In Iran, it is almost impossible to make movies. Any film that shows the slightest hint of skin, a script that includes a cuss word, any reference to cigarettes and alcohol (both of which are banned in Iran), and the filmmaker is barred from making movies. Jafar Panahi is presently serving a five-year jail sentence because the government decided his chosen themes were “too bold”. Even listening to and creating rock music is unlawful in the country because it’s considered a corrupting, Western influence. Bahman Ghobadi made a statement against the same with his No One Knows About Persian Cats, a film about the underground Iranian music scene. With so much pressure to stick to themes that are acceptable to release in theaters, Iranian cinema has struggled to go beyond the domestic drama genre.
Presenting A Girl Walks Home Alone at Night, a film in which director Ana Lily Amirpour displays a particular finger to every rule and constraint of ‘acceptable cinema’. A Girl... was not made in Iran (it was shot in California), but is set in Iran and is about Iranian social stigmas woven around a love story. It’s part noir, part horror, part drama, part romance, part expressionist art, part comedy, part thriller, part western, part social commentary. It’s all those things rolled into one smooth, seriously gorgeous, black and white package and it’s sinfully entertaining.

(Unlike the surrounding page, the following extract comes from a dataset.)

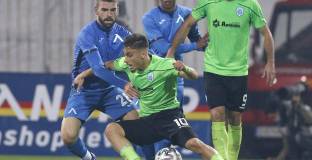 Играч на Левски: Лига 3 на Франция е по-силна физически от българското първенство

It's also unlike any other vampire movie you’ve seen because it just doesn’t follow any of the rules of the genre. The plot is simple and not much more than the title of the film. We’re plunged into a nondescript Iranian town called Bad City where a young vampire in a chador, known simply as The Girl, walks on nearly-deserted streets. She’s on the lookout for dinner, but she also loves trolling people and scaring young children. Drugs, sex and nudity -- there’s enough of all this in A Girl... to ban Amirpour from ever reentering her home country. Those elements are present in the film with an obvious air of contempt towards the lack of filmmaking freedom in Iran. But although the R-rated stuff is deliberate, it’s also cleverly woven into the plot, giving the protagonist a reason to feast on a few people. The Girl meets Arash, the guy, for the first time when he’s piss drunk, staring at a streetlight in the middle of the night while wearing a Count Dracula costume.

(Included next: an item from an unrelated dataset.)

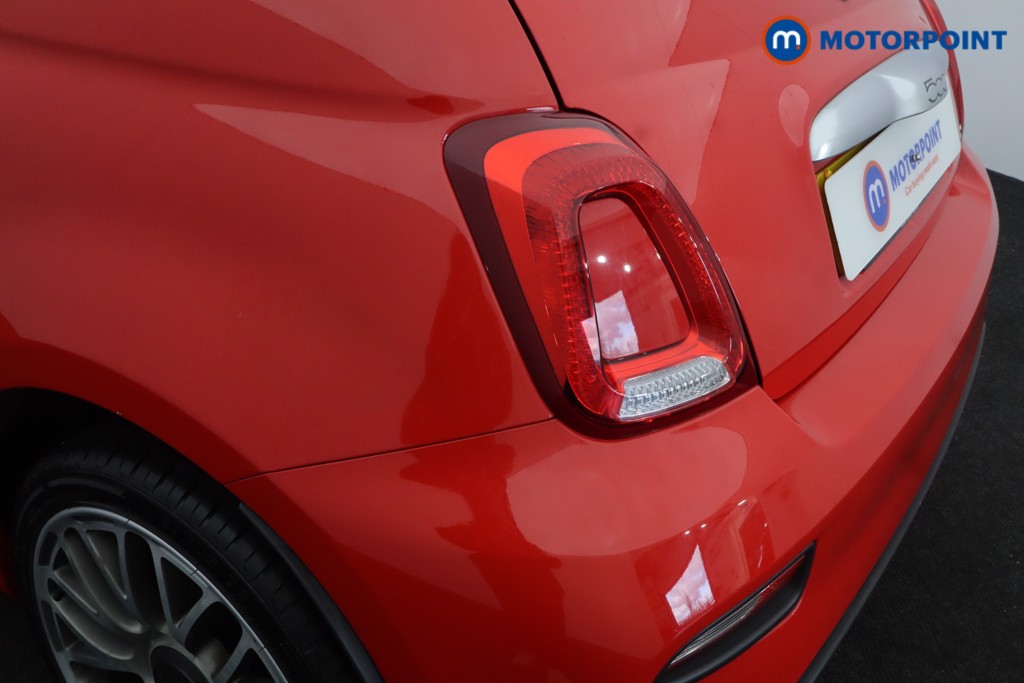 Used Abarth 595 2020 for sale - 76568959: Photo 23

It isn’t romance like the horse guano of Twilight. In A Girl…, it’s almost dialogue-less and pretty hilarious. The exchange between Arash and The Girl is electric, established by intense slow mo scenes and electronic music. The two don’t talk. Amirpour lets the visuals and the music do the character development. They fall for each other and resolve conflicts without uttering a single word. Amirpour manages to transfer all that information to the audience without a single line of text. Everything from the production design to the cinematography is terrific – you can practically smell the noir in the film. One scene at a discotheque, in which the guy consumes a narcotic and experiences an elevated state of consciousness, is particularly eye popping. Amirpour is a fan of comics and it’s not surprising that she turned her storyboards for some of the The Girl’s backstory into a graphic novel. A lot of the scenes in A Girl... play out like a graphic novel, particularly because of the starkness of the black and white. The horror isn’t omnipresent, but a couple of scenes are pretty darn creepy. Good luck keeping your heart rate low whenever The Girl quietly shows up on the street and begins following someone.

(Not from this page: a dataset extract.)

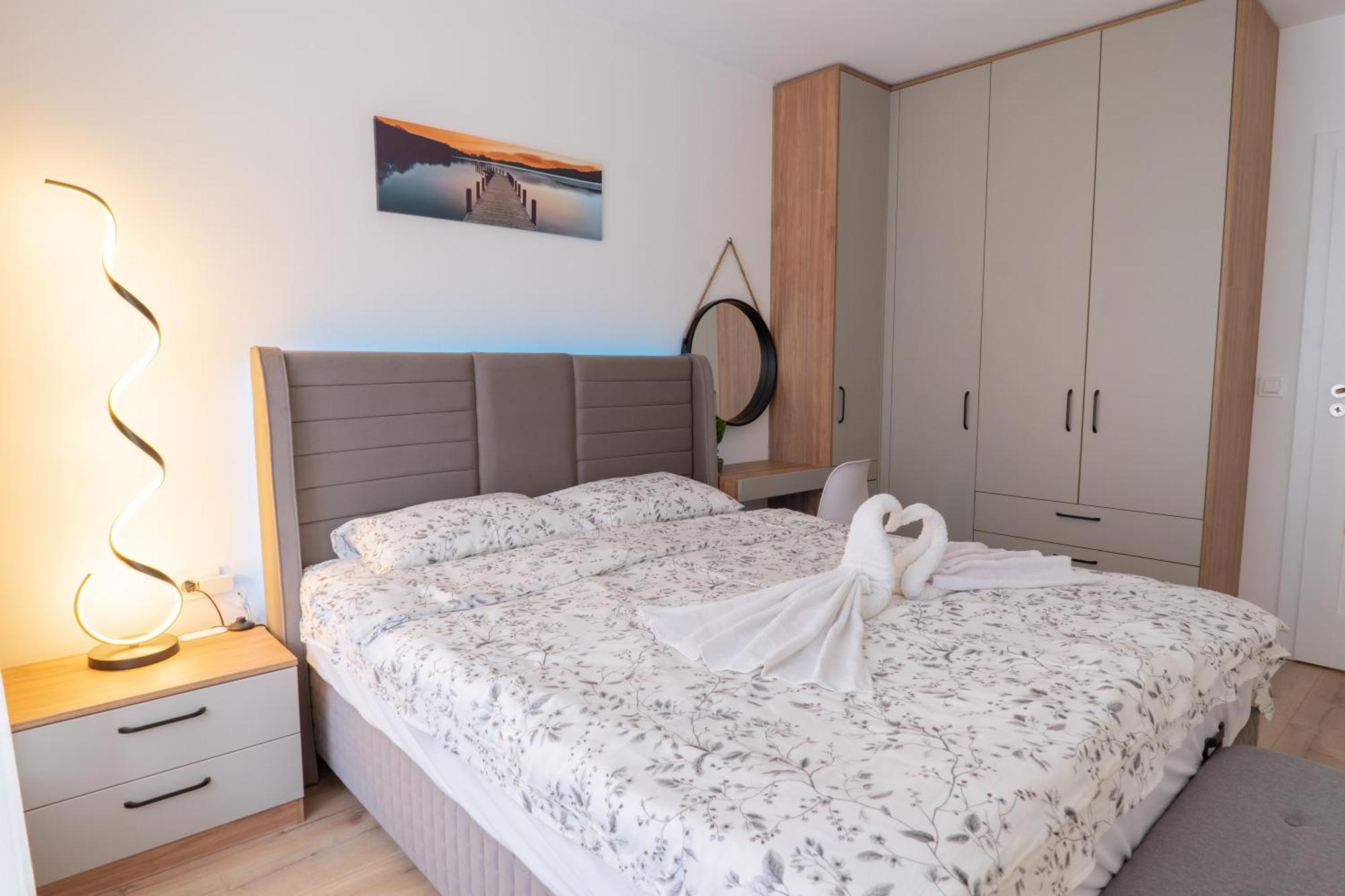New Modern & Cozy Apartment With Free Parking Varna Exteriér fotografie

Amirpour presents Arash (Arash Marandi) as a James Dean-esque figure with oiled hair, tight T-shirts and a convertible muscle car. The Girl (Sheila Vand) is a rollerblading punk rockstar hidden beneath the chador, waiting to burst open. The soundtrack, storytelling, atmosphere and artistic grimness of the film’s mood make A Girl... reminiscent of Jim Jarmusch’s off-kilter vampire drama, Only Lovers Left Alive. A Girl... pretty much tears apart the clichés of female vampires depicted in movies and TV shows. Here, the vampire legend is used to explore the protagonist’s feminist angle rather than cheap gore. Amirpour turns The Girl into a vigilante of sorts – she preys only on scum and uses her chador like a superhero cape. She will suck the life out of a wife beater and threatens kids with a similar fate if they don’t behave properly and be good boys. This is the sort of movie that serious horror nuts wait for and then feast upon with glee.